14-Jährige getötet

Mordfall Paulina: Fünf Jahre Haft für Stiefbruder

Österreich
26.06.2012 21:22
Beim Prozess im Mordfall der 14-jährigen Paulina aus Bad Ischl ist ihr 20-jähriger Stiefbruder am Dienstagabend im Landesgericht Wels zu fünf Jahren Haft verurteilt worden. Er bekannte sich schuldig, am 5. Juli 2011 Beitragstäter beim Mord seines Vaters an dem Mädchen gewesen zu sein. Die Geschworenen bejahten die Schuldfrage einstimmig. Die Zusatzfrage, ob entschuldigender Notstand vorliege, verneinten sie. Der Angeklagte nahm den Spruch gefasst auf.

Für das Gericht überwogen die Milderungsgründe, weshalb die Strafe am unteren Rahmen von fünf bis 20 Jahren angesiedelt ist. Auch die auffallend gute Zukunftsprognose des Gerichtspsychiaters habe dazu beigetragen, so die Vorsitzende Richterin.

Zusätzlich bekamen die anwesenden Privatbeteiligten - Paulinas Mutter und andere Angehörige - insgesamt über 17.000 Euro zugesprochen. Auf die Freiheitsstrafe wird dem Beschuldigten die seit 5. Juli 2011 verbüßte U-Haft angerechnet. Der 20-Jährige erbat nach Rücksprache mit seinem Anwalt (re. im Bild) Bedenkzeit. Der Staatsanwalt gab keine Erklärung ab. Das Urteil ist damit nicht rechtskräftig.

Vater erhängte sich in Gefängniszelle
Paulinas 20-jähriger Stiefbruder und dessen Vater hatten nach der Tat bei der Polizei ein Tatsachengeständnis abgelegt. Der 48-jährige Hauptverdächtige nahm sich im Oktober in einer Gefängniszelle das Leben. Er war mit Paulinas Mutter verheiratet, sie hatte sich aber im Jänner 2011 von ihm getrennt und war mit ihren Kindern ausgezogen. Das traf den Mann, der auch gewalttätig sein konnte, schwer - er wollte sich rächen.

Laut Anklageschrift passten die beiden Männer Paulina am 5. Juli in Bad Ischl auf dem Schulweg ab, der Stiefvater zog ihr eine Taschenlampe über den Kopf und zerrte sie ins Auto, das sein Sohn dann zu einem von beiden ausgehobenen Erdloch in St. Wolfgang lenkte. Zu diesem Zeitpunkt lebte das Mädchen noch. Der Vater befahl seinem Sohn, ihm einen Strick zu reichen, so der Ankläger.
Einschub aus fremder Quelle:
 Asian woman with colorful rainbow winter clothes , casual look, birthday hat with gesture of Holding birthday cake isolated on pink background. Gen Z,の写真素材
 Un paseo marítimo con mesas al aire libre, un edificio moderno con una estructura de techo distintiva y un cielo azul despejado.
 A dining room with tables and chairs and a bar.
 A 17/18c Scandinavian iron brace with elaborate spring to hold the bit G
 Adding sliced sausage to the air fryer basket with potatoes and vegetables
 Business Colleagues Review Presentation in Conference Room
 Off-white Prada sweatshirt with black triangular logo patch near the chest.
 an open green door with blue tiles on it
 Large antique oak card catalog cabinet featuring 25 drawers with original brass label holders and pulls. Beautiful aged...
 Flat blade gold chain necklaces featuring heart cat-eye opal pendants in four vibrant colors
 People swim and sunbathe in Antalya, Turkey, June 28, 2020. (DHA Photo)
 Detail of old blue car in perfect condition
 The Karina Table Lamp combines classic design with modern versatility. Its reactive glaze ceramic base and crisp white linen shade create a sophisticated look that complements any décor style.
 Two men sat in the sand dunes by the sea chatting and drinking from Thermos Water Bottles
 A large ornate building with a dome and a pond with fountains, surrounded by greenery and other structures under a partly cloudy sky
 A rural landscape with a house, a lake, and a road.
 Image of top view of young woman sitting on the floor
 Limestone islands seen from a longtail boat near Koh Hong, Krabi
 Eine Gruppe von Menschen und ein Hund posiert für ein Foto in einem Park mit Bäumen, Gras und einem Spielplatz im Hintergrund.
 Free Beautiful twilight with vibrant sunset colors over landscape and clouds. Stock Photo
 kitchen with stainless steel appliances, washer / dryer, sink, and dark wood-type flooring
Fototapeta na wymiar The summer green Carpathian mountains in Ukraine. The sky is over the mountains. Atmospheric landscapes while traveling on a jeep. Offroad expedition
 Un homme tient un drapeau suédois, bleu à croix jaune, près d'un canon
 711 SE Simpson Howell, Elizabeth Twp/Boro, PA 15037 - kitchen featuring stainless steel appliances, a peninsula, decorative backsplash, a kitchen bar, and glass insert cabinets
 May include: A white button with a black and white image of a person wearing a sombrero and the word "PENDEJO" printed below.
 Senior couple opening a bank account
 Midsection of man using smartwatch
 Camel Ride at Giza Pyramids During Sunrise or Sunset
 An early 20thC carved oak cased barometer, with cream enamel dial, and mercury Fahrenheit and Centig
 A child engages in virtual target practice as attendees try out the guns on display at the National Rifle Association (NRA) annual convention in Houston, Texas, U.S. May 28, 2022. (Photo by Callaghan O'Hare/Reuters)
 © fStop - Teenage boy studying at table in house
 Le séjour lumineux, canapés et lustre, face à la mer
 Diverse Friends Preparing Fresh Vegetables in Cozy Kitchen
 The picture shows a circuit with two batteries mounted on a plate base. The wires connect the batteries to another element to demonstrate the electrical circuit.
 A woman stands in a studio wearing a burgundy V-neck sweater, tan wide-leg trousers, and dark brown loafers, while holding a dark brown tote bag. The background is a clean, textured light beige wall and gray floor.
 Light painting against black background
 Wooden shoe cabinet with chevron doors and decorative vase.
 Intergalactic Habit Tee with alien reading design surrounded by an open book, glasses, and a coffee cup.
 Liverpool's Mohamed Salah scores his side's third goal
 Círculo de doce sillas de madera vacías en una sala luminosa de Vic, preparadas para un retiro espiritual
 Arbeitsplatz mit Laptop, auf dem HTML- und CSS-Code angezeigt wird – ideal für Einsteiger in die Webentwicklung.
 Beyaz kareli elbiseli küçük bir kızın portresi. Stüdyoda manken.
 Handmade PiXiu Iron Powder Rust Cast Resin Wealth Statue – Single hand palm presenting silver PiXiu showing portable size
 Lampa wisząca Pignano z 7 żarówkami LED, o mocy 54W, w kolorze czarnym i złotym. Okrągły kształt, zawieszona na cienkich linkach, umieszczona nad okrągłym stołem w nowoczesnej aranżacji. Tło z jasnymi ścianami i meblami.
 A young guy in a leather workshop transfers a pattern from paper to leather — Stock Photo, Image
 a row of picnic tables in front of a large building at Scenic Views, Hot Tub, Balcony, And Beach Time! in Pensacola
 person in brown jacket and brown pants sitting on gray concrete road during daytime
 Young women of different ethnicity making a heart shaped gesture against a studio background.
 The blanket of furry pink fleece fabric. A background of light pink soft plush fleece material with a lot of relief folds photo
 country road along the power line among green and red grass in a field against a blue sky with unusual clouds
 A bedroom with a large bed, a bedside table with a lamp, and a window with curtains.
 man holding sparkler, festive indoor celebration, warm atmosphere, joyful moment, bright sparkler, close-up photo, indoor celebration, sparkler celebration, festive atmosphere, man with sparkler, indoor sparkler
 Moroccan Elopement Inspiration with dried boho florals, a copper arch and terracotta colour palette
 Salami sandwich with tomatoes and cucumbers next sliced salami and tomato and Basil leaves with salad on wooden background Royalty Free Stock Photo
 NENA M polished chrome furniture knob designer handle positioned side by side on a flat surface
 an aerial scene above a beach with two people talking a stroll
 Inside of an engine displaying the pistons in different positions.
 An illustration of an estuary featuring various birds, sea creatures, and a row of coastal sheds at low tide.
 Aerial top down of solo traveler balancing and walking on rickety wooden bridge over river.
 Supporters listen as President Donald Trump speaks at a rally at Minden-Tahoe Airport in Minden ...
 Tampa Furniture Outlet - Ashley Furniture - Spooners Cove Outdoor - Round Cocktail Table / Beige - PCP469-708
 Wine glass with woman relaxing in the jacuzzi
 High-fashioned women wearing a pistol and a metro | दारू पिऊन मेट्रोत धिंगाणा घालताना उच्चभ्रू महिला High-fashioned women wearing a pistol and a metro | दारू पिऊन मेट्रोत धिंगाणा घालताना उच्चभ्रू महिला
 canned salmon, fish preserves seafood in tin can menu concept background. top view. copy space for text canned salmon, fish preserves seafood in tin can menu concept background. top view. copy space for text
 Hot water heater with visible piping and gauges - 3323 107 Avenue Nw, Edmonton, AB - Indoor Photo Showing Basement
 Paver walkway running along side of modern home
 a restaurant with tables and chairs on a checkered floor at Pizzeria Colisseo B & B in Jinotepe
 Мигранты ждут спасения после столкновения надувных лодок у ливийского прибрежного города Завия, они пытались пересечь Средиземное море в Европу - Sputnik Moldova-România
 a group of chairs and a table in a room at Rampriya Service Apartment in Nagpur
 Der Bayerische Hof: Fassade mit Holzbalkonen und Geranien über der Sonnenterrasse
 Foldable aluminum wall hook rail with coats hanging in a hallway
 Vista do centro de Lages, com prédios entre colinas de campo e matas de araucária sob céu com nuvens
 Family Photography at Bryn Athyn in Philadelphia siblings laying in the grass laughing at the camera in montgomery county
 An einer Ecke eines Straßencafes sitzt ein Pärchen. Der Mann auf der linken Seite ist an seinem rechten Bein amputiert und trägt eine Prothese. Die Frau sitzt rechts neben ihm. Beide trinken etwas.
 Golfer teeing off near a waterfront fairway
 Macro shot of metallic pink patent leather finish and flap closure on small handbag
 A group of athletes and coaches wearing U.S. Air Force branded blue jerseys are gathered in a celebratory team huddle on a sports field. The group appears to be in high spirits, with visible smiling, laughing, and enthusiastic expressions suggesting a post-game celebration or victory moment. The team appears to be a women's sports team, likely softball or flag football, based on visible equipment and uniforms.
Das Würgen führte schließlich zu Paulinas Tod.

Die Obduktion ergab, dass das Mädchen ein massives stumpfes Schädel-Hirn-Trauma und eine Strangulierung erlitten hatte. Laut Gutachten hätten jedoch allein die Schläge schon tödlich sein können. Der Angeklagte habe bis zuletzt gehofft, dass der Vater von dem Plan ablasse. "Ich hätte ihm das nicht zugetraut", wiederholte der 20-Jährige, der während des Prozesses Gefühle zeigte, mehrmals.

"Keine Voraussetzungen für eine Einweisung"
Der junge Mann leide an keiner psychischen Erkrankung, werde aber in einer forensischen Abteilung betreut, erörterte Gerichtspsychiater Reinhard Haller. Die Voraussetzung für eine Einweisung in eine Anstalt läge nicht vor, so der Psychiater. Der 20-Jährige sei nicht unfrei im Willen gewesen, aber eingeengt in seinem Steuerungsverhalten. Er habe wohl starke Angst vor dem Vater gehabt, aber keine krankhaften Zustände, die den Willen völlig aufheben. Der Vater sei ein schwerer Narzisst und psychopathischer Mensch, dazu unglaublich kränkbar gewesen. Überforderung treffe wohl den Zustand des Angeklagten vor und bei der Tat. "So schwere Störungen, dass er nicht die Polizei rufen oder weglaufen hätte können, hatte er nicht", erklärte der Psychiater.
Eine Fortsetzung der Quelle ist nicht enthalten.